=== WHAT IS EXPECTED ===
Reproduce everything from the line that contains "Personalized Stemless Wine" down to the line that contains "Construction site plan" in the listing below, word for word and nothing more. Leave the pictures out.

=== LISTED ENTRIES ===
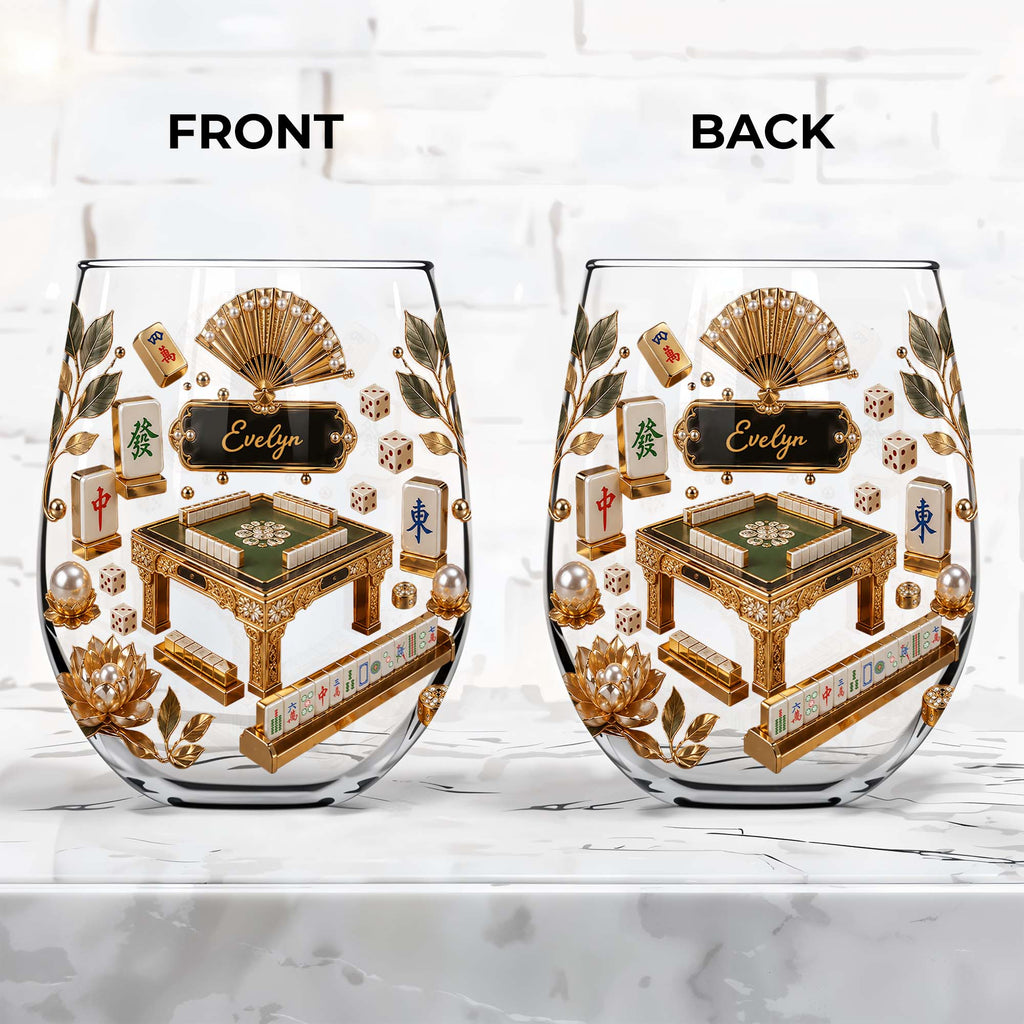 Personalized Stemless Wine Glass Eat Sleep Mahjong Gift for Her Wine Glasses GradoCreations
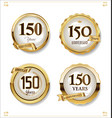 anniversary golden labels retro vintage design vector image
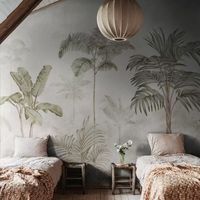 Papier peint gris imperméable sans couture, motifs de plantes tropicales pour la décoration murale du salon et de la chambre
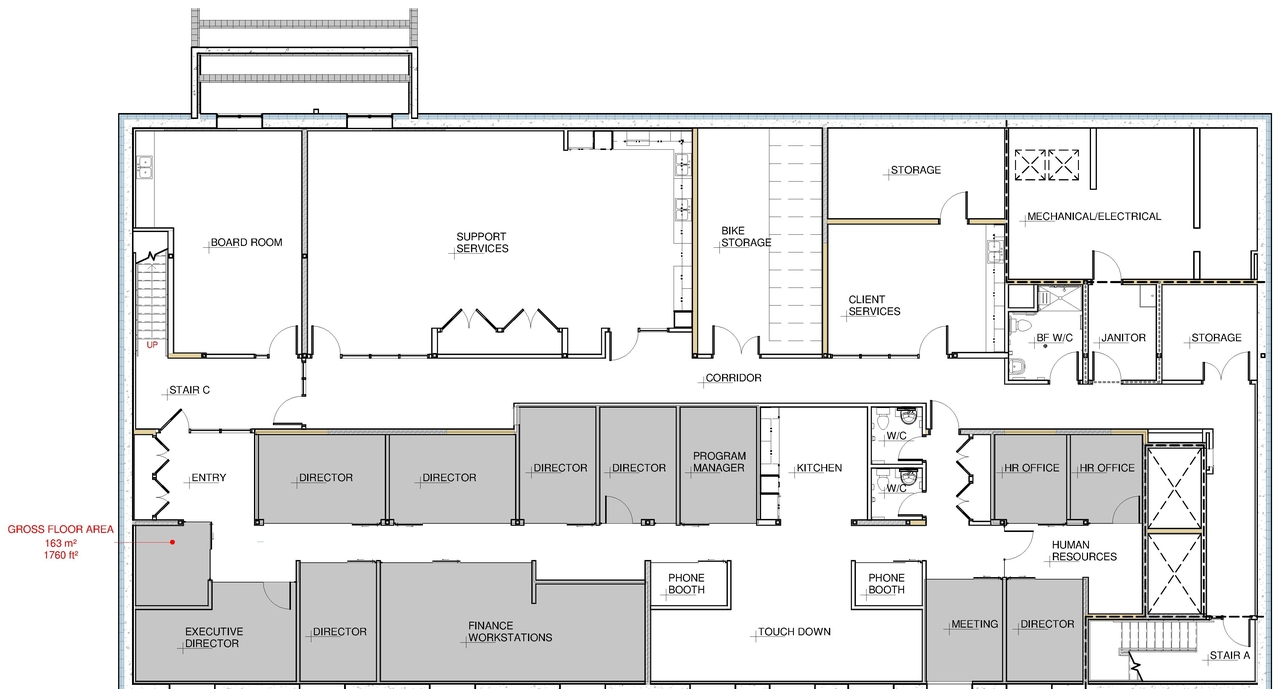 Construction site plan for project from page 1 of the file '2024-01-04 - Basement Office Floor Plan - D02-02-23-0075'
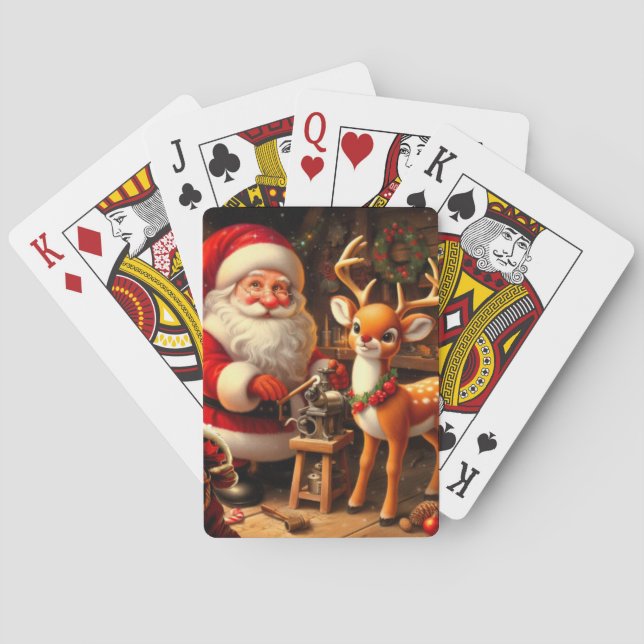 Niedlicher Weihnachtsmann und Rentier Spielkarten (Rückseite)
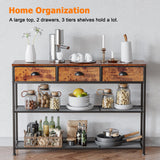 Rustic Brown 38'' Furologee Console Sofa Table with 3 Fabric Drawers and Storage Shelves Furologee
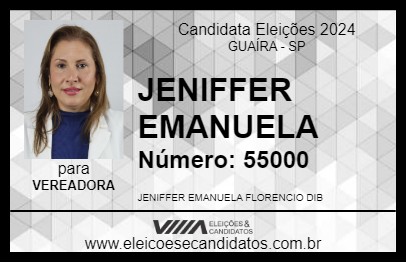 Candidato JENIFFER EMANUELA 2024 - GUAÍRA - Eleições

* * *

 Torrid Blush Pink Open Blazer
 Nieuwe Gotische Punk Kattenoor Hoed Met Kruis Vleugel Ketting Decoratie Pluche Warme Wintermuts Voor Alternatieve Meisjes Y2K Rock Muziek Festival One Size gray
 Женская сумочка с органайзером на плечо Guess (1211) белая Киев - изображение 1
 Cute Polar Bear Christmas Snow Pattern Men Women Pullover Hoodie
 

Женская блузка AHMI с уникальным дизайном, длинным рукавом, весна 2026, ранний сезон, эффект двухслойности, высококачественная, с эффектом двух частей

--

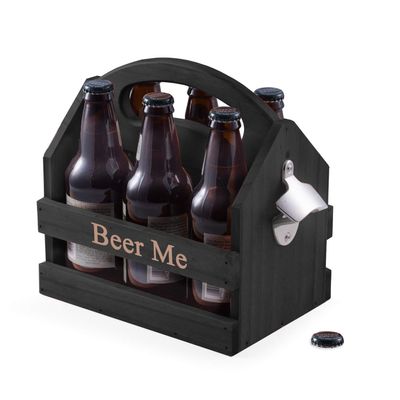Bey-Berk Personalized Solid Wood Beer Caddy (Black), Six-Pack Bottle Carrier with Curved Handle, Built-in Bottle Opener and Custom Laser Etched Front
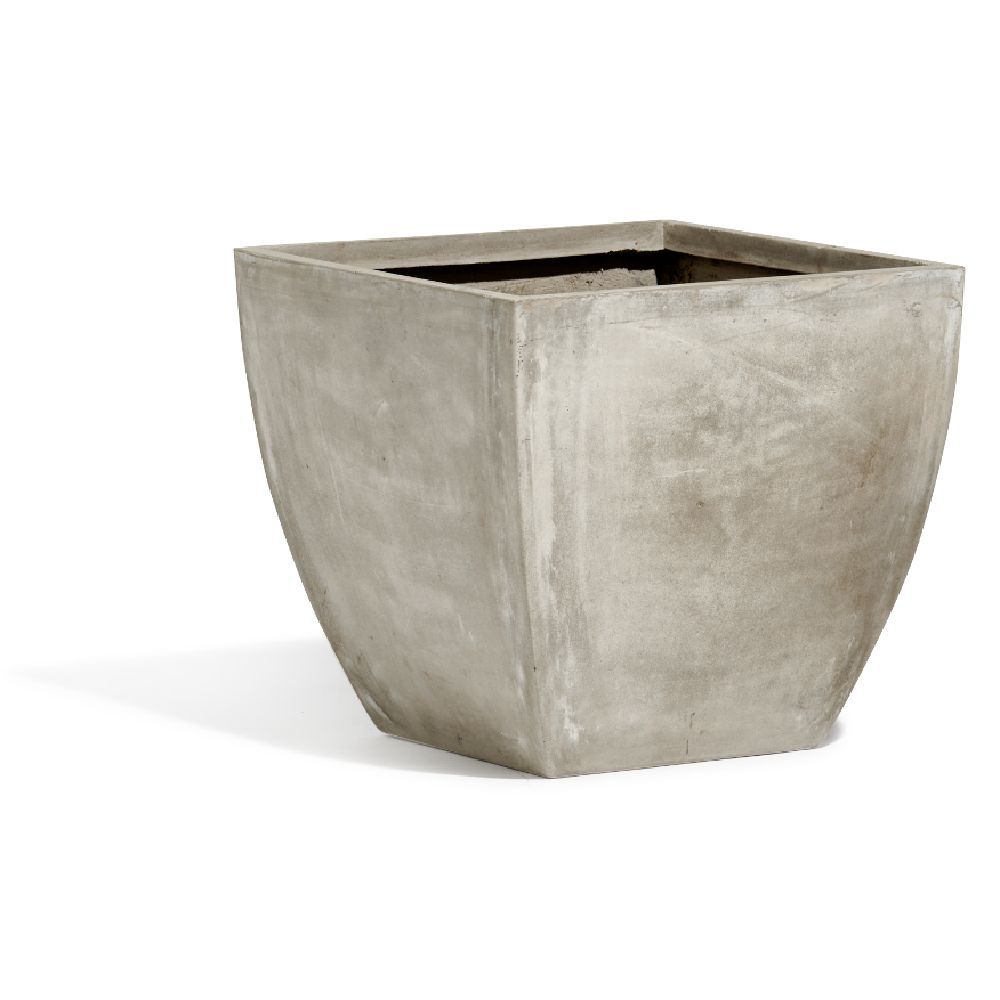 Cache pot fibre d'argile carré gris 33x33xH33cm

=== OUTPUT BELOW ===
 Personalized Stemless Wine Glass Eat Sleep Mahjong Gift for Her Wine Glasses GradoCreations
 anniversary golden labels retro vintage design vector image
 Papier peint gris imperméable sans couture, motifs de plantes tropicales pour la décoration murale du salon et de la chambre
 Construction site plan for project from page 1 of the file '2024-01-04 - Basement Office Floor Plan - D02-02-23-0075'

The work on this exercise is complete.